There was not, but——

Then, forget it and make your own speech.

——I want to point out to the Deputy how negative his speech was. In Volume 238, No. 10, of the Dáil Debates he says, at column 1408:

It is not sufficient to come along to the man who has worked at a job for 20 or 30 years and say: "Technological change deprives you of your job."

I consider that to be an irresponsible statement because if we do not make technological changes in our factories we will not be employing anybody in our factories. It is stupid and unthinking statements like this which cause a lot of confusion in the minds of the people.

In this small country of ours, there are approximately 100 trade unions and it is an accepted fact that responsible trade union leaders would like to see this number reduced. One of the things which we hope to achieve in this Trade Union Bill is to encourage unions to merge. One of the steps which we have taken to encourage the amalgamation of the smaller unions is to provide financial assistance to meet any unusual expenses. Recently, I spoke to a trade unionist in this country and I asked him for his views on trade unions. I told him that a number of people had so far in this debate referred to foreign-based unions here; he was a member of a foreign-based union and when I asked him why he was not in an Irish union he asked me if I was mad. He said that the Irish trade unions were in such a state of shambles that one would need to be mad to join them. This is an unfortunate thing to say. If anything, we have tried in this Bill to get unions to come together.

In my view, it is an impossible situation when employers have to discuss new arrangements with 20 or more different unions in the one job and very often, as we can see in the present strike, people who have no voice in their union are out of work through the actions of a few people. People in this country want to get back to work but they are being prevented from doing so by a minority of people.

The Industrial Relations Bill, as we know, is providing for an expansion of the Labour Court and this is an excellent idea. The trade unions belong to the workers and the position should not be vice versa. It is sometimes the case that the workers are the property of the trade unions and God help anybody who tries to change that position or to intervene in it. It is about time that the average trade unionist thought of looking more closely at what is going on within his union.

Within the past couple of years I remember the Minister for Labour saying that the number of people in any trade union who actually came along to trade union meetings would average about three per cent of the workers. That is a sad situation and the kind of trouble which we have today is a result of the workers not taking a more active line and of not getting to know what the policy of their union is. Something which no one has mentioned is that a strike means a failure. A strike should only be used as a last resort but instead of that, we have strikes first and negotiations afterwards. The seriousness of the present trouble has not yet sunk in with those people who are on strike but later, perhaps, when the result of all this strife is assessed, a very poor light indeed will be shown.

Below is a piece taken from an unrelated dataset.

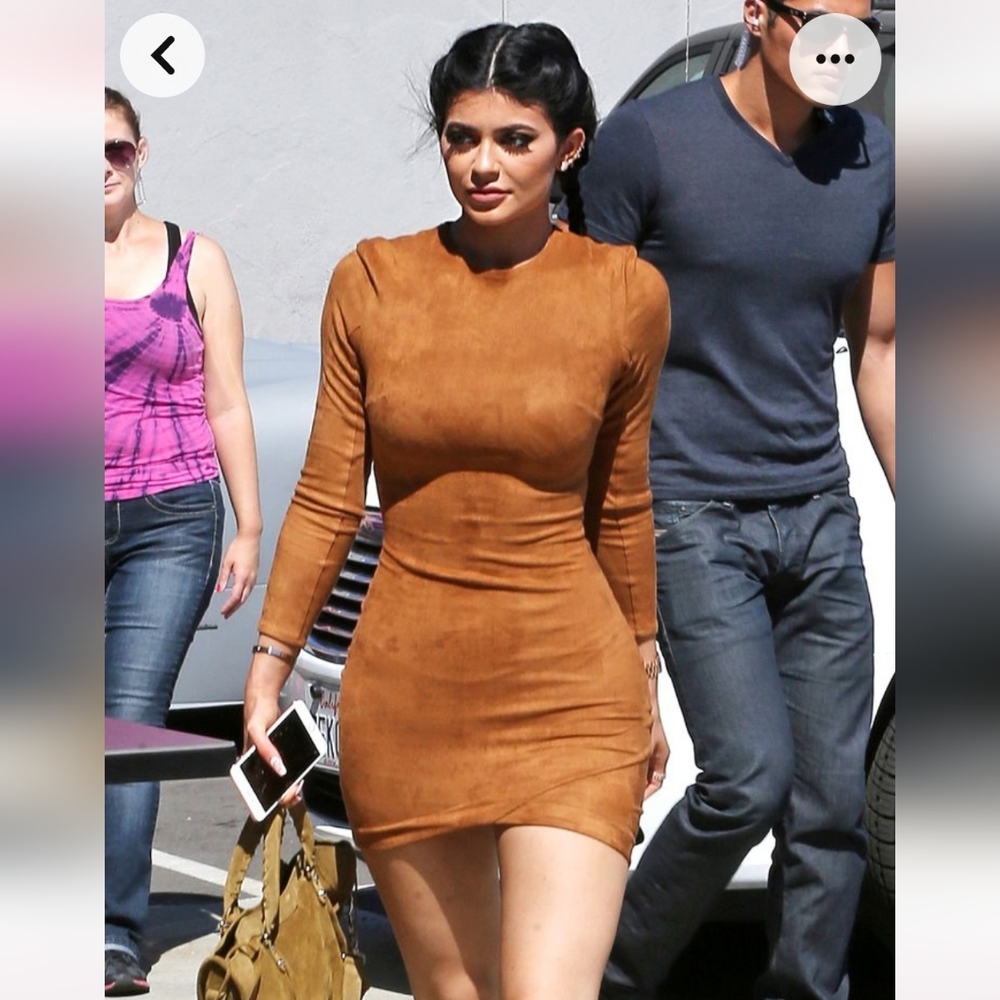 Mistress Rocks Gunsmoke Tan Faux Suade Mini Dress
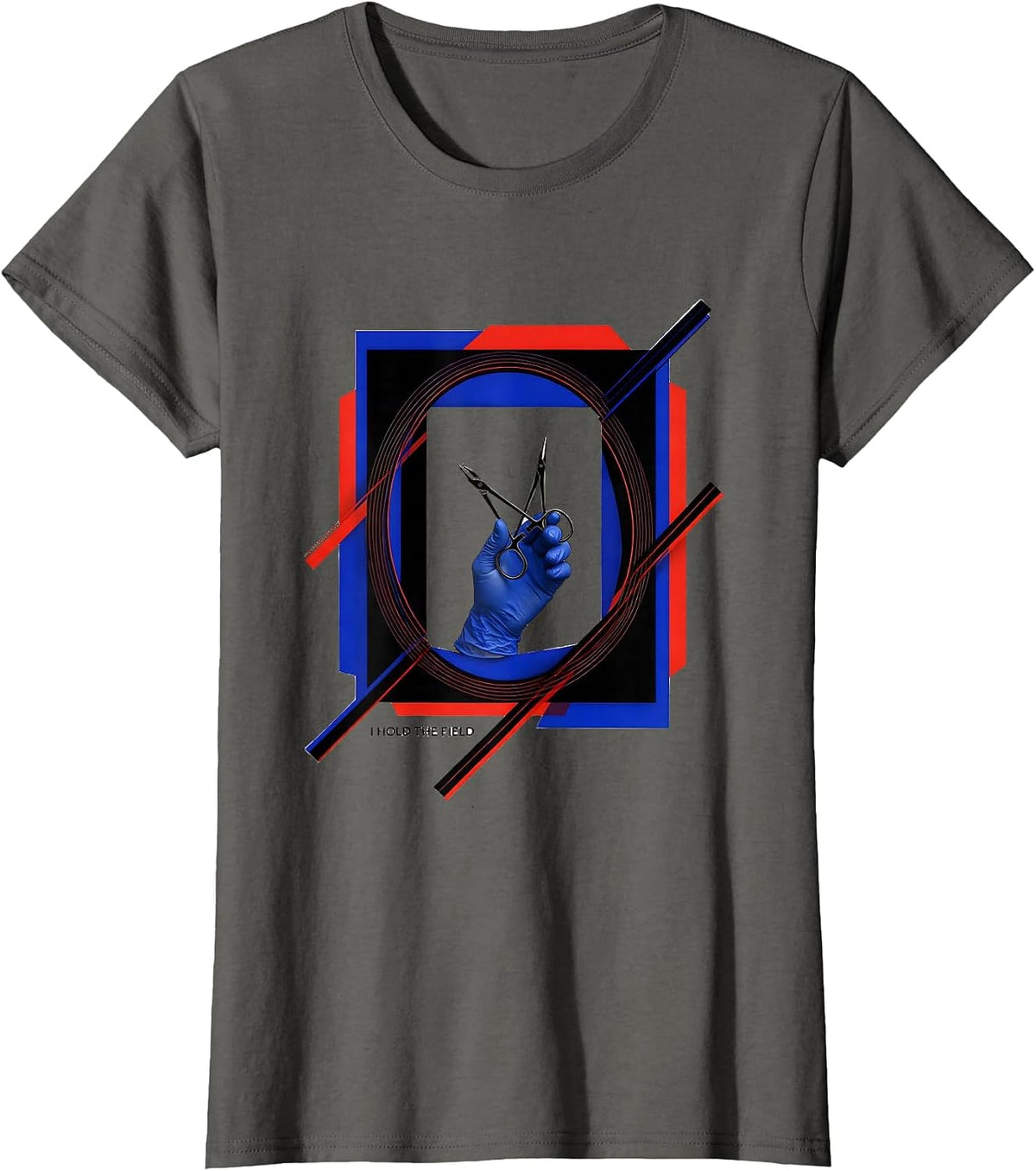 Women's I Hold The Field Playful Surgical Tech Occupational Pride T-Shirt - Asphalt Grey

We have here at present just one strike after another. Each time a settlement is reached, a claim comes from another group of workers and if the claim is resisted, a close-down occurs again and so it goes on in a never ending series of strikes. During the past few years and while this legislation was being drafted, I have been reading the Minister's speeches and I have kept many of them. I have seen the efforts he made to bring about the amalgamation of unions; he has made efforts to get unions to come forward with suggestions as to how he might help them provide better machinery for settling disputes.

In a speech which the Minister made to the workers on the 3rd January of this year, he said:

You will, I trust, not take it amiss if I suggest that loyalty by the members to the idea of trade unions should be always supported by attention to the affairs of the union.

This is what I should like to see happen more and more—that members of the trade unions would pay more attention to what is going on at executive level. I wish to pay tribute to the courageous Jim Dunne.

Debate adjourned.
The Dáil adjourned at 10.30 p.m. until 10.30 a.m. on Thursday, 27th February, 1969.